JANUARY 09: U.S. Vice President Joe Biden (3rd R) makes brief remarks to the press at the beginning of a meeting with U.S. Attorney General Eric Holder (4th R) and gun violence survivors and victims and gun safety advocacy groups in the Eisenhower Executive Office Building January 9, 2013 in Washington, DC. President Barack Obama appointed Biden to oversee a task force on gun violence. (Photo by Chip Somodevilla/Getty Images)
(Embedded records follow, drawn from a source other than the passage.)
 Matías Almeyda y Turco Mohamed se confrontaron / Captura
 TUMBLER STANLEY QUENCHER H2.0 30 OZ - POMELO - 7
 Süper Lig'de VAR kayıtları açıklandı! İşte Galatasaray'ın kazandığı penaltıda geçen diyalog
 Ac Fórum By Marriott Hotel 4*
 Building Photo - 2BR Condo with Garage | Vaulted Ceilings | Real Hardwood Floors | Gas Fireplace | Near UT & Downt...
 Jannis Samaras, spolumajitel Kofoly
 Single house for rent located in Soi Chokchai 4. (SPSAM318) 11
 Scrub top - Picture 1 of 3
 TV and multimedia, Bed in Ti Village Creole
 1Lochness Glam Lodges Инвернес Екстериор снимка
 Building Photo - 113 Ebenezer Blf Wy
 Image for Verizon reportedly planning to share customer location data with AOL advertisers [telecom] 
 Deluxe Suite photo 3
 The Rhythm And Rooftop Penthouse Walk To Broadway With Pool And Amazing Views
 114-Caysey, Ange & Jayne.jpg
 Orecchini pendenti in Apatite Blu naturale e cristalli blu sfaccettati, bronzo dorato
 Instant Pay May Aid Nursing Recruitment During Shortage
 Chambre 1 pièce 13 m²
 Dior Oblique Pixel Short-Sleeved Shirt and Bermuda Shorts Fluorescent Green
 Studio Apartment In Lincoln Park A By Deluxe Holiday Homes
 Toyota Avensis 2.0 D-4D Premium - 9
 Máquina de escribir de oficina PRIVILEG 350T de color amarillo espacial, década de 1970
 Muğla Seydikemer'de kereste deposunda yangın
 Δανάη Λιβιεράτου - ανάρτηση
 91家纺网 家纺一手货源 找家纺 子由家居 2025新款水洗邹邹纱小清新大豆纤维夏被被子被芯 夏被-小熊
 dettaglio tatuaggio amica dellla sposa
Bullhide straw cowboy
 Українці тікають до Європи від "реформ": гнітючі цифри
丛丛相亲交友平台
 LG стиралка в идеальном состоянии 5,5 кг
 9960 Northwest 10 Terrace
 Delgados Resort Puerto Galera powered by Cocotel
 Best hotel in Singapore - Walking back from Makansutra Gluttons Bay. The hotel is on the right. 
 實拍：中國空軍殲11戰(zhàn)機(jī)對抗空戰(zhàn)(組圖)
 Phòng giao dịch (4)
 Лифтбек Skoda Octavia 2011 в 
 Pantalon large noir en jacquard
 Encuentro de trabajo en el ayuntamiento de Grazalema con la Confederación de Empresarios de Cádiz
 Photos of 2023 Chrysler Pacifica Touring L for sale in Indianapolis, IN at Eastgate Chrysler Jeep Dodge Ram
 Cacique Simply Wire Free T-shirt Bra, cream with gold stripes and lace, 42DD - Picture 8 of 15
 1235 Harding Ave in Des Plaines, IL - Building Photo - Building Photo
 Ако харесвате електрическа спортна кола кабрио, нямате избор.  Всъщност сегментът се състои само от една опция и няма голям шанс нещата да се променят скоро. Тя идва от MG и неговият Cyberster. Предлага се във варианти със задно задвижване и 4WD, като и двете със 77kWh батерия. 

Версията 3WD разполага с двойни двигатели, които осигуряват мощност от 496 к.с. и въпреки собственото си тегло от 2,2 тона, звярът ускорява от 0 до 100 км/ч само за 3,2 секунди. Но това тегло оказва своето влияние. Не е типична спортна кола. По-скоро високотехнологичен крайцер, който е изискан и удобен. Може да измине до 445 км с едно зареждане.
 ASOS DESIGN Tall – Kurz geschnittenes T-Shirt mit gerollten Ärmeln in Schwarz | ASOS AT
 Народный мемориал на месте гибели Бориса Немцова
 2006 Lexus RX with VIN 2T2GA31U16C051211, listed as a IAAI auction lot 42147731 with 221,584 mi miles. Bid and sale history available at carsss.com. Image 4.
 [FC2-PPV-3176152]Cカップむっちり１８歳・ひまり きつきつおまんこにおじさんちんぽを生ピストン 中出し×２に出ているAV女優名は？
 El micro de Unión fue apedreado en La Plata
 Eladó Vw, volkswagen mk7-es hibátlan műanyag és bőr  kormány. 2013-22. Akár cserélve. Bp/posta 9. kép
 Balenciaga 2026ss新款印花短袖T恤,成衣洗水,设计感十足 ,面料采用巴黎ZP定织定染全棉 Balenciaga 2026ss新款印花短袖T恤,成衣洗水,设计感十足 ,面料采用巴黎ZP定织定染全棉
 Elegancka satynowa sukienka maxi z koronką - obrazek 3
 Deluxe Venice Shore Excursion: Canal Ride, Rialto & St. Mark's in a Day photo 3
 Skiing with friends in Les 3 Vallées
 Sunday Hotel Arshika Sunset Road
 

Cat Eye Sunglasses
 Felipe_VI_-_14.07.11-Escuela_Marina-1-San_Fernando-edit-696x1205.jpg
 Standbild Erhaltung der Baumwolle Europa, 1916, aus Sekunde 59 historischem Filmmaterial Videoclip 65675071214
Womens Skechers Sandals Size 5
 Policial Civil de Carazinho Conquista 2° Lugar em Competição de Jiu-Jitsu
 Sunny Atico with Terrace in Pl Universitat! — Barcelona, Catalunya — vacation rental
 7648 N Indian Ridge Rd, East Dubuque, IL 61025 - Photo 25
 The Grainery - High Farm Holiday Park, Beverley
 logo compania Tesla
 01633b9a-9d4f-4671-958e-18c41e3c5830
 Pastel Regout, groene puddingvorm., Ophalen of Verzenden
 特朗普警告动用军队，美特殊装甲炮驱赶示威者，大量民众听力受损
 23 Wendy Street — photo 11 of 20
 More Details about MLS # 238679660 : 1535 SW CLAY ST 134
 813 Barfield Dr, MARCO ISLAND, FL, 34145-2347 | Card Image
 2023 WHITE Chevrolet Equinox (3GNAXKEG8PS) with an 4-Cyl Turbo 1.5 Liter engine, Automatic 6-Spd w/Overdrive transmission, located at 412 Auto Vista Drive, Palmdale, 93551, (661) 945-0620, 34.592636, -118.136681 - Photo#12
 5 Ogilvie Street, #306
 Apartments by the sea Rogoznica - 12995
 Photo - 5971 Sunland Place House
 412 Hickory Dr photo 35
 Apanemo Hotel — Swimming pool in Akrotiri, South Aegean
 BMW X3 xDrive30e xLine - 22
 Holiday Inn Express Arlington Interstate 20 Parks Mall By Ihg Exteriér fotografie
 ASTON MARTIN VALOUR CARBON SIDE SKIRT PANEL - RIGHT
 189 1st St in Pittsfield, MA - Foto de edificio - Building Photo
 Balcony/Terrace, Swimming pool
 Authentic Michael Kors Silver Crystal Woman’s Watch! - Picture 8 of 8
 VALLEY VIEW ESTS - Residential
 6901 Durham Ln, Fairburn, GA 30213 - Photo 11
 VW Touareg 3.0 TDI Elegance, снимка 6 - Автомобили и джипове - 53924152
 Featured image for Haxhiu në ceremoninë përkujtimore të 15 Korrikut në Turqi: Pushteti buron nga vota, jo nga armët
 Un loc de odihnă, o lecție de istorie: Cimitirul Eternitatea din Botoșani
By David Jackson, USA TODAY
As he prepares a legislative package for President Obama's review,
Vice President Biden said Friday that multiple approaches are needed to
address the plague of gun violence.
"We know that there is no
silver bullet ... no seat belt you can put on," Biden said before
meeting with members of video game industry.
It's the latest in a
string of meetings Biden has held this week, with guests ranging from
gun-control advocates to gun rights supporters, hunters to retailers,
mayors to governors, lawyers to doctors, and faith leaders to
entertainment industry executives.
Biden has said he plans to make a series of recommendations to President Obama on Tuesday.
Obama
assigned Biden the task after the Dec. 14 shooting that killed 20
students and six adults at an elementary school in Newtown, Conn. The
president said he plans to make a major push for gun legislation this
year; he may also issue executive orders.
The video game meeting
came after the nation's biggest gun lobby, the National Rifle
Association, accused the Obama administration of focusing only on gun
control.
"We don't think that a ban on so-called assault weapons,
which hasn't worked in the past, is going to work this time," NRA
President David Keene told NBC'sTodayshow.
Renewal of the
assault weapons ban that lapsed in 2004 is an idea Obama has endorsed,
along with improvements to background checks of gun purchasers and
restrictions on the capacities of ammunition magazines.
Biden met
with the NRA and other gun-rights groups Thursday; on Friday, he
declined to respond to the group's post-meeting criticism. "I thought we
had a very straightforward, productive meeting," he told reporters.
The
president and vice president have said they respect the Second
Amendment right of gun ownership, and are looking for common-sense ways
to keep high-powered weapons away from people who shouldn't have them.
Obama
and Biden have also said they want to address other factors behind gun
violence, including mental health and cultural issues.
The latter
concern prompted the vice president's meeting with members of the video
game industry, some of whose products have been accused of desensitizing
young people to the nature of violence.
"You have not been singled out," Biden said. "I come to this meeting with no judgment."